No puedo detallar aquí mucho más. A mí me ha interesado especialmente
la implicación del joven Bonaparte en la política nacionalista corsa
así como el Bonaparte robespierrista; la espléndidamente narrada campaña
de Egipto con la poderosa imagen de los soldados marchando agotados
bajo sus uniformes de lana y los “sabios” académicos que fueron con
ellos –en uno de los proyectos pioneros del orientalismo occidental-
enfrascados en sus guerras internas; el capítulo sobre “el último día de
la revolución” y el proceso que condujo a la entrega de la “corona
republicana” al general que llegó a demostrar, a un tiempo, su enorme
capacidad de adaptación al medio (a los medios cambiantes) y su voluntad
de cambiarlos en propio interés. Me ha interesado, sobre todo, el
encuentro entre el nacionalista corso y Francia, entre un hombre, una
ambición, un mito cultural y una revolución.
Al acabar la lectura de un libro que me parece excepcional lo que
queda es el deseo de que la segunda parte llegue pronto y también,
curiosamente, la duda -en contra de alguna declaración más o menos
provocadora de su autor- de que este Bonaparte sea un vivo desmentido de
la concepción “democrática” de la historia. Me ha resultado tan
interesante porque me parece más que eso y más complejo: un lugar de
análisis sobre las posibilidades, las tensiones y los mitos, la fuerza y
las debilidades de esa concepción de la historia. Una contribución
importante, en suma, a lo que constituye uno de los objetivos de
reflexión general de toda biografía que merezca la pena leer y escribir:
la tensión constante e irresoluble entre lo individual y lo colectivo,
lo particular y general, el todo y las partes. [3]
[1] Las referencias son las siguientes: Lucy Riall, Garibaldi.
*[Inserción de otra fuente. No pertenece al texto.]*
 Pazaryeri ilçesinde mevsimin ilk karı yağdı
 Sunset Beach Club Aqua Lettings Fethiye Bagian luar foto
Invention of a Hero, Yale University Press, 2007; Roy F. Foster, W.B. Yeats, A life. 2vols, Oxford University Press, 1997 y Alain Garrigou, Mourir pour des idées. La vie posthume d’Alphonse Baudin. Biographie, París, Les Belles Lettres, 2010.
[2] Aquí convendría quizás recordar la espléndida novela de Joseph Roth, Los cien días, publicada en castellano por Los Pasos Perdidos en 2013.
[3]
Algo sobre lo que ha escrito páginas brillantes Sabina Loriga, una
colega de Gueniffey en l’École des Hautes Études en Sciences Sociales de
París. Le petit X. De la biographie à l’histoire, París, Seuil, 2010.